As redes sociais não são a nova censura. São, em muitos momentos históricos, o único canal de expressão onde o poder não chega primeiro. São desreguladas? Sim. São manipuláveis? Também. Mas são, sobretudo, incontroláveis — e é isso que as torna perigosas para quem se habituou a falar sem ser contestado.

people using phone while standing

Não duvido de que haja perseguições morais nas redes, indignações em fúria, cancelamentos momentâneos — por vezes histéricos ou orquestrados. Mas isso não faz das redes um novo Santo Ofício. E para problemas novos, criem-se instrumentos de Justiça; não mecanismos informais que silenciem vozes incómodas, incluindo as de jornalistas.

As redes sociais serão sempre, em muitos casos, ferramentas espontâneas de denúncia popular que, embora imperfeitas, lançam luz sobre zonas anteriormente protegidas por silêncios convenientes. Quantos escândalos de abuso, corrupção ou hipocrisia política só se tornaram visíveis graças à pressão social do espaço digital? Quantos interesses instalados foram forçados a responder a perguntas que os jornalistas de microfone complacente nunca ousaram formular?

O incómodo que certas figuras públicas sentem com as redes sociais tem menos a ver com as redes em si do que com a perda do seu monopólio sobre o discurso público. Durante décadas, bastava uma boa relação com um grupo de editores ou com um partido de poder para moldar narrativas, ocultar dissensões ou fabricar consensos. Hoje, esse controlo está fragmentado. A plebe tem voz — e não pede licença para falar. E isso assusta.

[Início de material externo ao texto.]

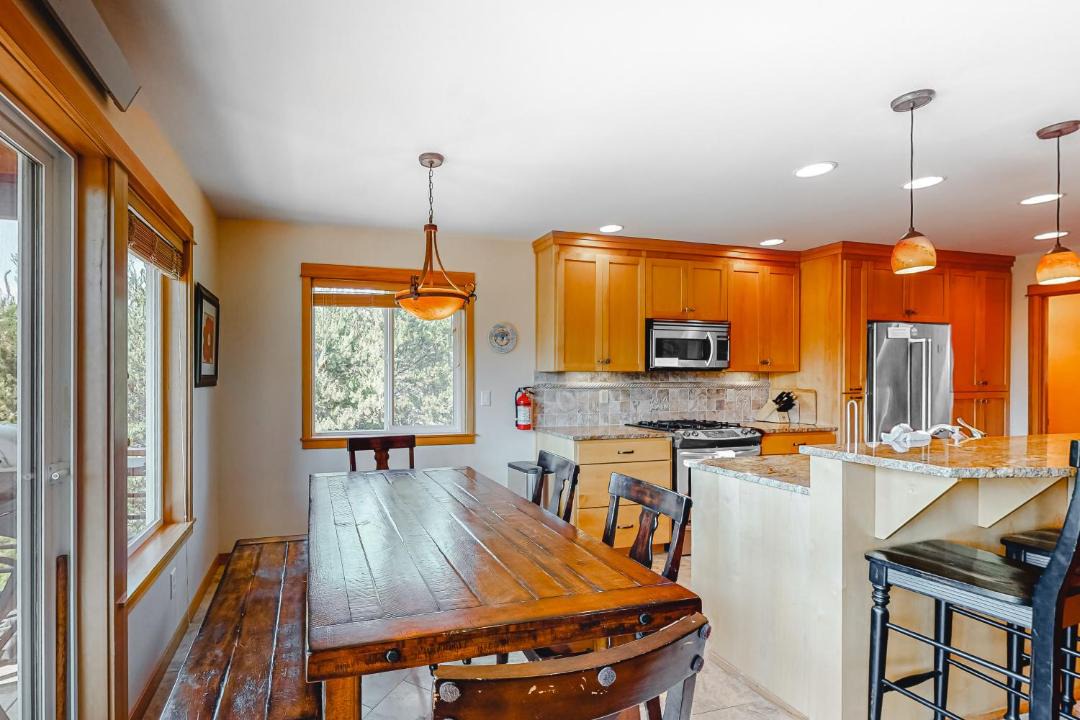 Photo of Others in Manzanita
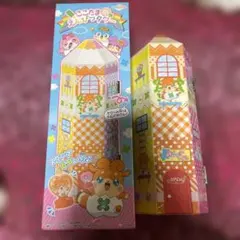 Item thumbnail for item 430e6610-d53f-42cf-8b78-fd8caaa16433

Rui Moreira usa redes sociais para se promover, mas poucos lhe ligam: 13 horas depois de divulgar a sua conversa para a Eco contava apenas com 63 likes, dois comentários e quatro partilhas, Compreende-se porque não as aprecia.

Seria intelectualmente honesto que Rui Moreira — homem que se diz culto, informado, com vivência do espaço público — reconhecesse que não é a “inquisitorialidade” das redes que o incomoda. Antes, é a impossibilidade de as domesticar. Aquilo que ele diz ser uma “forma de inquisição” é, afinal, uma forma de libertação — com os seus excessos naturais, mas também com virtudes inegáveis. Este é o custo da liberdade — e a liberdade, como sabemos desde os gregos antigos, implica ruído, risco e conflito.

Mas se os políticos querem abolir as redes sociais, sejam coerentes: comecem por fechar as suas contas institucionais, cancelar as campanhas digitais, recusar os likes e os follows. Mas não venham depois lamentar que ninguém os ouve, porque — gostem ou não — hoje o espaço público já não se limita aos salões de poder nem às colunas de opinião dos jornais amigos. O poder vive — e ferve — nas redes. E é precisamente aí que os cidadãos, com os seus defeitos e contradições, recuperaram uma fatia da soberania que lhes era negada. E a isto chama-se amadurecimento da democracia — acabar com as redes sociais seria apodrecer a democracia.